Y durante muchos días y noches, el parque recibió enjambres de turistas de todo el país. Pero conforme el mundo a su alrededor cambiaba, el parque se vio forzado a adaptarse. Los espectáculos de delfines se detuvieron y la I-95 usurpó el estatus de la A1A como la vía norte-sur más grande del estado, lo que también frenó el tráfico en la zona. En respuesta, el parque pasó del entretenimiento a la investigación. Al fin, cuando una serie de huracanes dañó las instalaciones a principios de los dosmiles, Marineland se vio en una encrucijada: reparar los daños o construir algo completamente nuevo. Así que los edificios legendarios dieron paso a estructuras modernas, y solo dejaron escasos rastros del pasado extravagante del parque: una estatua de mármol de Neptuno, una tienda de regalos construida en los años cuarenta, un bajorrelieve antiquísimo en la entrada. Las nuevas instalaciones abrieron en 2006, pero la historia sobrevivió.

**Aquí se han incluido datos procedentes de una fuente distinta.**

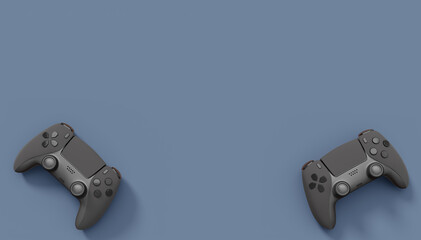 Realistic black video game joysticks or gamepads on black background © Vasyl Onyskiv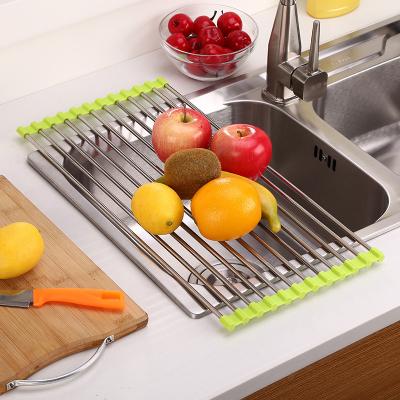 China Sustainable Kitchen Sink Mat Foldable Rolling Dish Drying Rack Dish Rack In Various Sizes for sale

Una oda a la vieja Florida
En una tierra dominada por destinos vacacionales, aún se pueden encontrar artefactos de una industria turística menos conocida que quedó desplazada en el tiempo. Esas son las reliquias de Goony Golf y Rainbow Springs, pero, más en general, toda una clase de instituciones de la Vieja Florida que está al borde de la extinción. Su follaje es prehistórico; sus espectáculos, anticuados, y muchas de sus instalaciones están destruidas o abandonadas... Pero justo por debajo de la superficie inmóvil de estos parques olvidados fluye una corriente poderosa de historias. Por debajo del heno y de los robles antiguos, la Vieja Florida prospera, y vivirá feliz para siempre.